We are currently running version 3.7.1 and are experiencing random CPU spikes that are so severe it will cause clients to become disconnected and clients cannot reconnect. They receive an error that they cannot authenticate. It gets to the point that we are forced to kill the openfire service and restat it because it completely hangs the server. This is very random. Sometimes we can run for several days other times it bombs after a day or two. We have been running this server for almost three years without incident. This started in November and I honestly dont know what changed, I believe we even upgraded to 3.7.1 in hopes that it would help with the problem.
Just last night I rolled our users onto a new server, the difference this time is that I chose to keep the database local. The original was using a remote MSSQL database. I set up the new server as close as possible and then just changed DNS. I do not see anything in logs that indicate a problem.

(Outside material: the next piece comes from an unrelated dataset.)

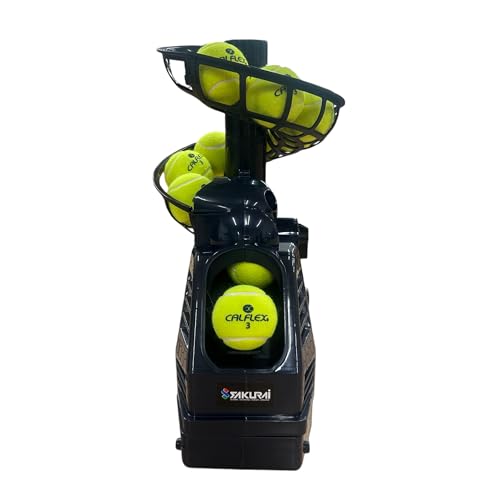 Image of Sakurai CT-014 CALFLEX Soft and Hard Tennis Machine, 3 Levels of Toss Angle and Interval Adjustment, 4 Height Levels, Dark Blue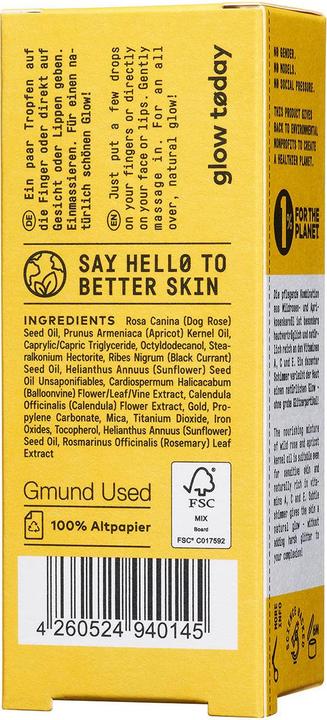 Valeurs nutritives et ingrédients Nø Cosmetics glow tøday Huile de beauté infusée à l'or 24 carats (19 ml)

The only exceptions we have from default are:
Kraken IM Gateway version 1.1.2 (MSN Gateway activated)
Monitoring Service version 1.2.0 (for archiving)
I have already seen some high CPU usage that has spiked the CPU for over a minute. And this concerns me. This looked like someone sending a file transfer or something (because I noticed above average network usage) but other times the CPU spikes there is no abnormal network usage.
I am trying to determine where I can begin troubleshooting these issues. We have about 200 users so its not a large environment by any means. As mentioned Openfire ran 100% stable up until around November when we started experiencing this problem.
So my question is, is it possible the archiving feature would be contributing? Are there any known buffer overflow vulnerabilities that a client could run against the server? Any issues with users and their custom avatars? Any other ideas?
I went from 2gb of memory and 1vpu (which ran stable for years) up to 2 vcpu and 4gb to rule out hardware issues. Openfire has become critical to our organization and I need to hash out these stability issues.